Chodziło o awanturę na sobotnim festynie. Został na niej pobity Kewin Komar, bramkarz Puszczy Niepołomice, a według portalu najprawdopodobniej dokonali tego kibole identyfikujący się z Wisłą Kraków.
Sprawą zajęła się policja i ustalił, że jednak „zdarzenie nie miało podłoża kibicowskiego”.
Kewin Komar nie został pobity przez kibiców Wisły Kraków. Policja wydała oświadczenie
Teraz w piersi uderzyła się Wirtualna Polska. Najpierw przeprosił autor artykułu Szymon Jadczak:
Tekst o wydarzeniach z udziałem bramkarza Puszczy Niepołomice oparty był na kilku źródłach, które uznałem za wiarygodne. W sprawie pojawiły się nowe okoliczności, które w ostatnich dniach próbowałem potwierdzić i przedstawić nowe fakty. Dziś mogę jedynie przeprosić klub Wisła…
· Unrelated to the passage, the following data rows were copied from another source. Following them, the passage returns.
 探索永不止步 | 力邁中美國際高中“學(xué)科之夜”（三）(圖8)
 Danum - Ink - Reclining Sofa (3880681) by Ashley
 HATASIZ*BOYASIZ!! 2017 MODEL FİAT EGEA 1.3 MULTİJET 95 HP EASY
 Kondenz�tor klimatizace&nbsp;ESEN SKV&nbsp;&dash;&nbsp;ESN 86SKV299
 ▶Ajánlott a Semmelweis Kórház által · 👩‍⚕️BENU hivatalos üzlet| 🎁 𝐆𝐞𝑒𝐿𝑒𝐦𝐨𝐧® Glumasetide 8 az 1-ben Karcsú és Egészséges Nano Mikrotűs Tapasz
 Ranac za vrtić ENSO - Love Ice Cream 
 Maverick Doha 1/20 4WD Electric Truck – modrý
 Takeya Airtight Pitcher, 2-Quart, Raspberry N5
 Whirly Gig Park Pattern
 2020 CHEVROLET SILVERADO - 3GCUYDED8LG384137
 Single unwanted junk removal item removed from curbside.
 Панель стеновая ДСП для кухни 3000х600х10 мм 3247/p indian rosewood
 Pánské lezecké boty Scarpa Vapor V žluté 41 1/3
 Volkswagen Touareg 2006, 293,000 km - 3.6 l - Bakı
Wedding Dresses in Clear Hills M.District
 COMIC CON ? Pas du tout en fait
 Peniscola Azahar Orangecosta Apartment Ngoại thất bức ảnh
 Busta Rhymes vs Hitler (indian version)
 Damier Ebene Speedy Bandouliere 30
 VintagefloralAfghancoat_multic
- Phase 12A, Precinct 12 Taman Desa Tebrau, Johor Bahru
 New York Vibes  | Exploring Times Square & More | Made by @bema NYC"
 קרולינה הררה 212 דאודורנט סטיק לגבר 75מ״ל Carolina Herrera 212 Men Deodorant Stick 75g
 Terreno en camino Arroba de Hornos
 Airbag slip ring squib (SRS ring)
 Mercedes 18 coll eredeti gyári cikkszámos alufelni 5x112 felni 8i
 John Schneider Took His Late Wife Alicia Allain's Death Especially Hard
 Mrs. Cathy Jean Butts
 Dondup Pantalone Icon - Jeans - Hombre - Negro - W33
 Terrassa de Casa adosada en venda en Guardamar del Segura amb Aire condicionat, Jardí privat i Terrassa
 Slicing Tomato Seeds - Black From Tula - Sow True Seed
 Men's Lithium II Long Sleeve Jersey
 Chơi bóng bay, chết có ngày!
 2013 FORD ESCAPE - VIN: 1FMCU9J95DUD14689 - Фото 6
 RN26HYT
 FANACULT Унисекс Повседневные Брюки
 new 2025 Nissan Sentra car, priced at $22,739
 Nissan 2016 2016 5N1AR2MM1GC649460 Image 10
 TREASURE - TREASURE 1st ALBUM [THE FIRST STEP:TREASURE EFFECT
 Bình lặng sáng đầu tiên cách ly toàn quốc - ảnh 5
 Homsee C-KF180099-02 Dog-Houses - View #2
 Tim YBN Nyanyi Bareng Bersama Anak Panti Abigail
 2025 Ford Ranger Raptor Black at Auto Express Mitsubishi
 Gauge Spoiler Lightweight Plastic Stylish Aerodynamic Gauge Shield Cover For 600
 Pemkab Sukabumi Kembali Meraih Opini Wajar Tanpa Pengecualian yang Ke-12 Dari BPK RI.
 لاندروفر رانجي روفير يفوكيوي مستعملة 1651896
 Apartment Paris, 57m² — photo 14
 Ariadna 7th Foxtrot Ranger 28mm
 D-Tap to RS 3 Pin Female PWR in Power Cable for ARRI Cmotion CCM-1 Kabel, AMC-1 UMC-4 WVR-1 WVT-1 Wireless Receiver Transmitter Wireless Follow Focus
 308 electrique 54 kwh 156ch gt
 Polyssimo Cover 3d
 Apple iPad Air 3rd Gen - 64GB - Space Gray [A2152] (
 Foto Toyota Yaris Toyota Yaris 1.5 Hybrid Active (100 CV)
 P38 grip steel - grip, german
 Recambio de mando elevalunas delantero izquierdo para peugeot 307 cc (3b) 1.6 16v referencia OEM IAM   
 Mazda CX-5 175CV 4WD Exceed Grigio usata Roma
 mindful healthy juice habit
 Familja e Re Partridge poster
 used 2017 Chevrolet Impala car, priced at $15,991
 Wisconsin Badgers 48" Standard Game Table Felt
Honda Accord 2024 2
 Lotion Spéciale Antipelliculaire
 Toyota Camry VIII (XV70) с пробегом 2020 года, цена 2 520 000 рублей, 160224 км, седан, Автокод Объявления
— Szymon Jadczak (@SzJadczak) August 30, 2023
A następnie redaktor naczelny portalu:
Czasem trzeba wziąć na klatę i powiedzieć: przepraszam. Rozmawiałem już z Prezesem Wisły Kraków i przeprosiłem osobiście. Próbując choć w niewielkim zakresie zadośćuczynić, na jesienny mecz Wisły zaprosimy podopiecznych z krakowskiego domu dziecka. Szczegóły ustalimy z klubem. https://t.co/kLl9I662cV
— Paweł Kapusta (@pawel_kapusta) August 30, 2023
Prezes Wisły Jarosław Królewski zapowiedział, że klub zleci zbadanie, jak duże starty wizerunkowe przyniosły doniesienia Wp.pl.